Exercise directions:
Beginning with the line that contains "Blank Location Map" and ending with the line that contains "Looking north with Castle Lake below", reproduce the lines of the entries below exactly, omitting pictures.

Information supplied:
- - -

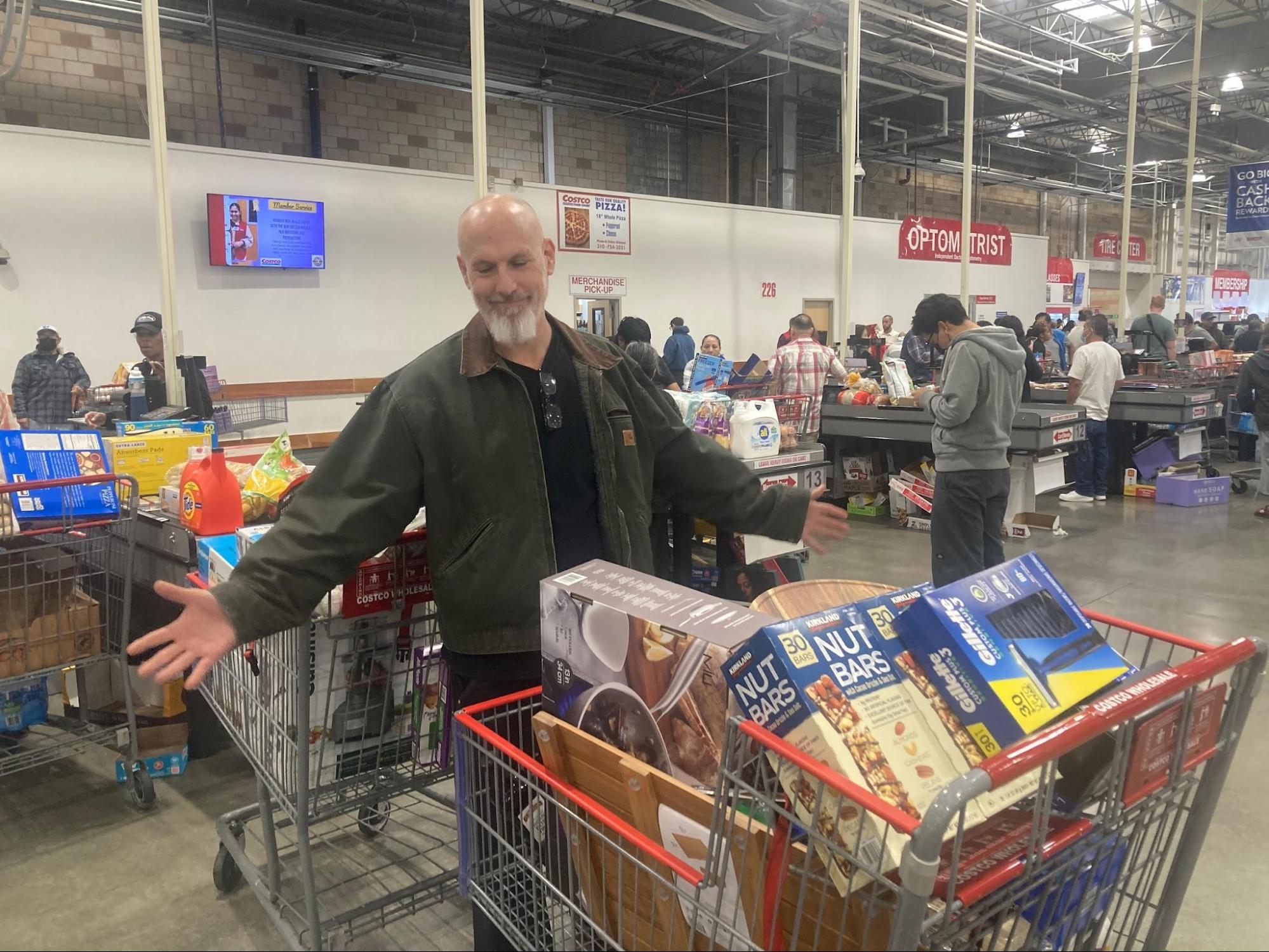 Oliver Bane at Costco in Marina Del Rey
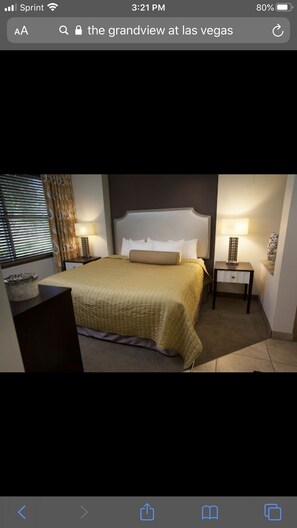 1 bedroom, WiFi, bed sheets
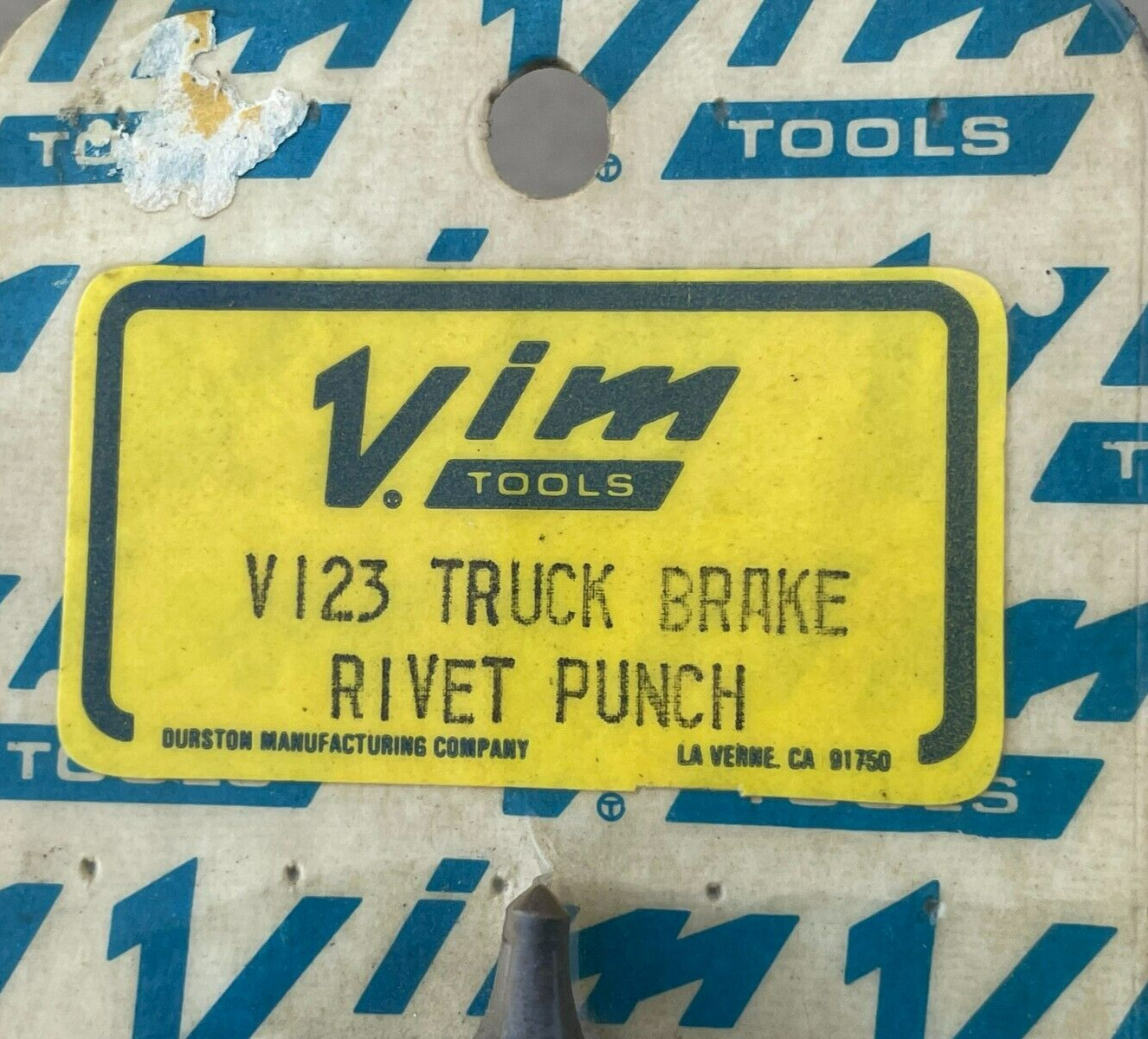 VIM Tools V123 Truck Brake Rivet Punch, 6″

- - -

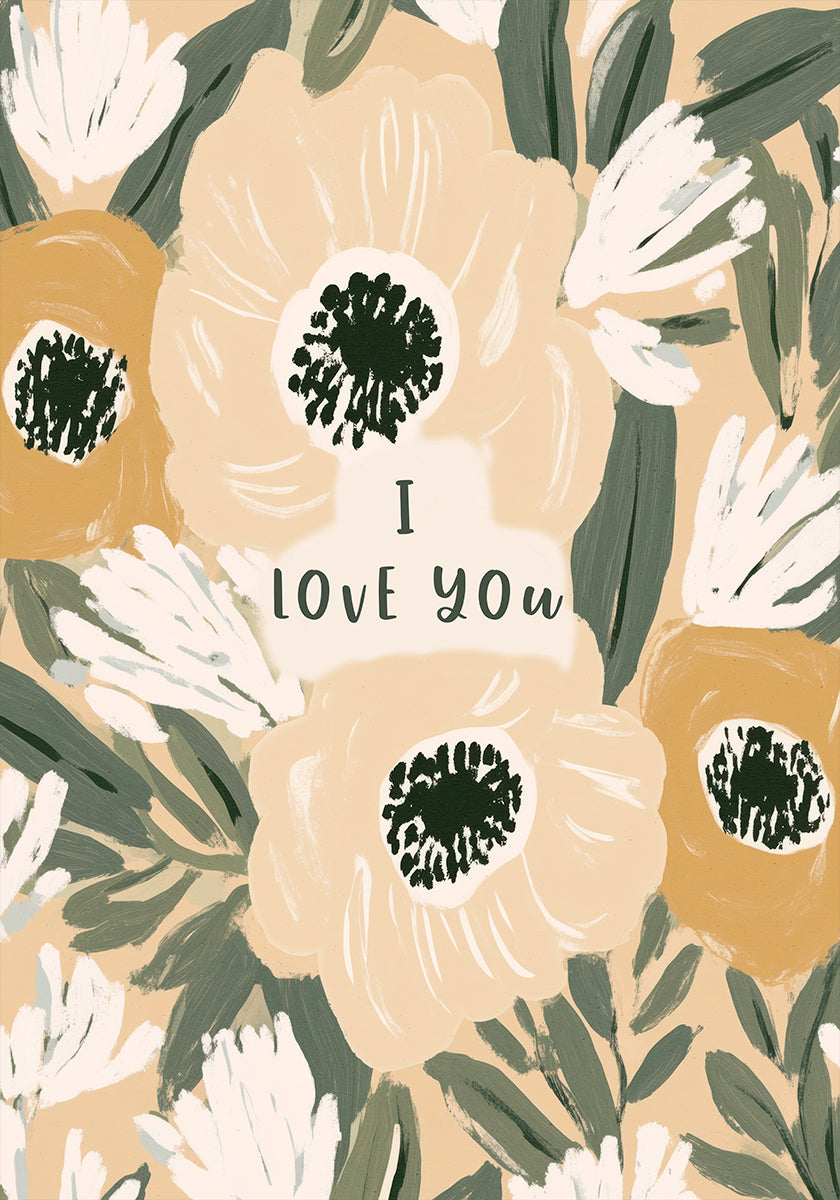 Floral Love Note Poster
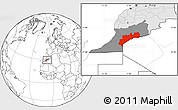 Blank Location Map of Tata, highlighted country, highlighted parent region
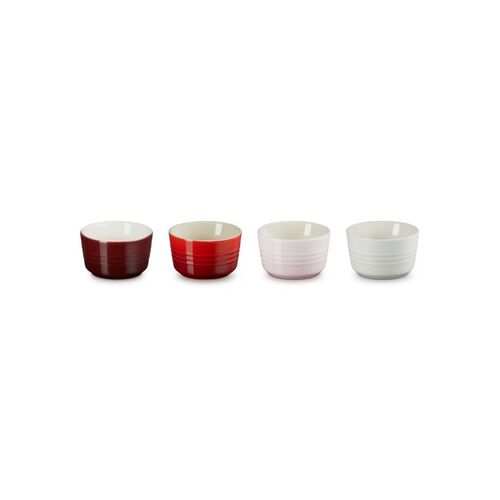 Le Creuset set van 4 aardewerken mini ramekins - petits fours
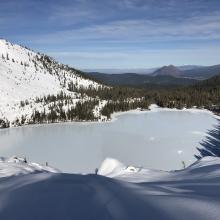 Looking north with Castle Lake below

- - -

Response to the exercise:
 Blank Location Map of Tata, highlighted country, highlighted parent region
 Le Creuset set van 4 aardewerken mini ramekins - petits fours
 Looking north with Castle Lake below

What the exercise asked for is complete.